KAB Strategy Limited is an independent organization that conducts technical analysis and research on financial products for its group shareholders and provides them suggestions.

KAB Strategy Limited only provides the above services for internal use in the group.

To see our sample analysis, to check our Analysis Page.

 

What is technical analysis?

In short, this is one of the best methods for predicting the price of any asset. This is because almost all financial markets follow the same psychological laws. Therefore, technical analysis uses various methods to study the intrinsic life of financial markets, their emotional states, namely the level of optimism and pessimism of participants. Unlike fundamental analysis, technical analysis does not take into account external fundamental factors that affect prices, such as competition or market demand for products. When predicting prices, technical analysts use tools to search for patterns on charts and perform calculations. People believe that all factors that affect the status of the issuing company have already had an impact on the price of the product. This viewpoint also applies to any other trading tool.

Why our technical analysis is special and advanced?

We use various technical analysis methods and dig deeply into the psychology and characteristics underlying every method and theory, and optimize them. Take Elliott Wave Theory (EWT) for example, which is one of our major theory in analyzing stocks and indices. Normal Elliott Wave patterns take the form of five waves of a specific pattern. Three of these waves (labeled “1”, “3” and “5”), cause the development of the overall directional movement of prices. They are separated by two interruptions against the trend direction (labeled “2” and “4”) which, in turn, cause the fluctuation that is naturally observed in the price action. In other words, waves “1”, “3” and “5” describe the main direction of the move, while waves two and four are seen as pauses. Each of these five waves plays a critical role in the construction of the waves and the overall description of the movement. However, we dig even deeper in the characteristics of wave “3” and “4”, to let these two waves combine in some cases, to avoid most case of failures of wrongly take profit levels in wave “3”. Also, we optimized degrees of waves. Initially, R.N. Elliott recognized nine different degrees of waves. They ranged from degrees as small as ripples on an hourly chart to the largest wave degree he could assume existed from the data that was available to him at the time. Since, as the theory implies, the degree progression in both directions is infinite, we add 7 additional wave degrees, of which 4 are of larger degree than the initial nine, while the remaining three were of lesser degree. We add a general-but-more-detailed framework of the various wave degrees with respect to the range of span or duration of each degree. This addition, helps to make sure that the most adequate or relevant time-frame chart for each wave degree would appear visibly. This avoids counting a wave degree without knowing what the minimum and maximum durations of this wave are, as well as what time-frame charts to use to chart this wave degree.

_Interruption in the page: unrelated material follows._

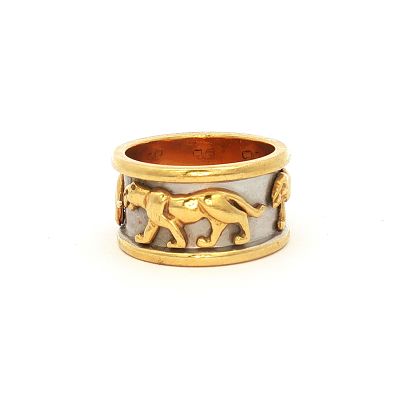 18K Two-Tone Gold Walking Panther Band Ring. A wide band ring crafted from 18K yellow and white 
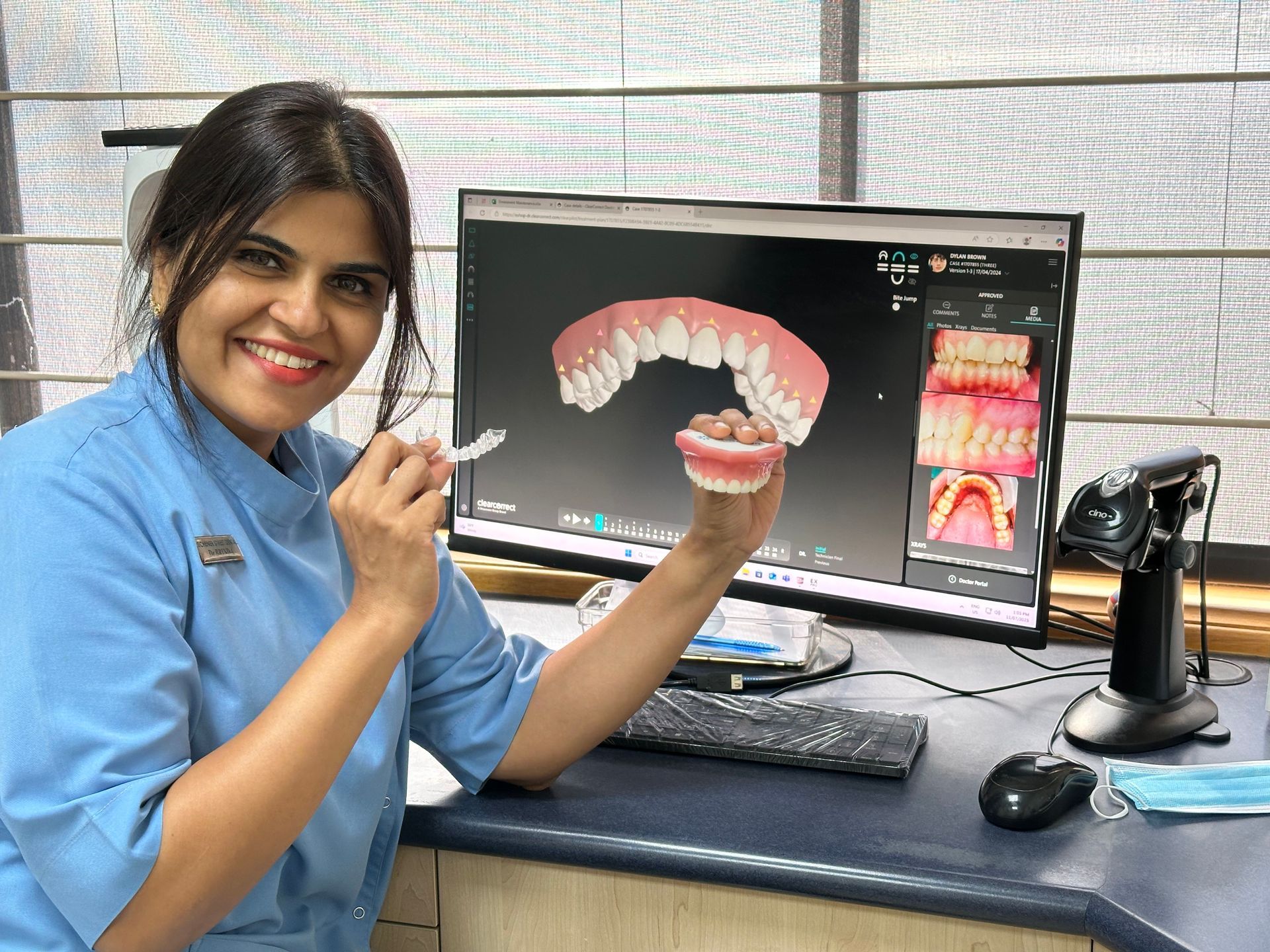 A woman is holding a model of teeth with braces and a pen.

We also focus on the personality of each method and its components. E.g. we focus on wave personality which offers an in-depth focus on the aspect of crowd psychology and behavior of the market participants. We improved the framework that enhances our understanding of the market action and behavior that was initially introduced and discussed in the classical approach of technical analysis. The personality of each wave plays a more integral part in the reflection of the mass psychology it embodies. As such, our analysts assume that each wave has its own mark or "signature" which generally reflects the psychology of that phase under observation. Thus, we improved the understanding how and why the waves develop. This help to predict the end of each trend.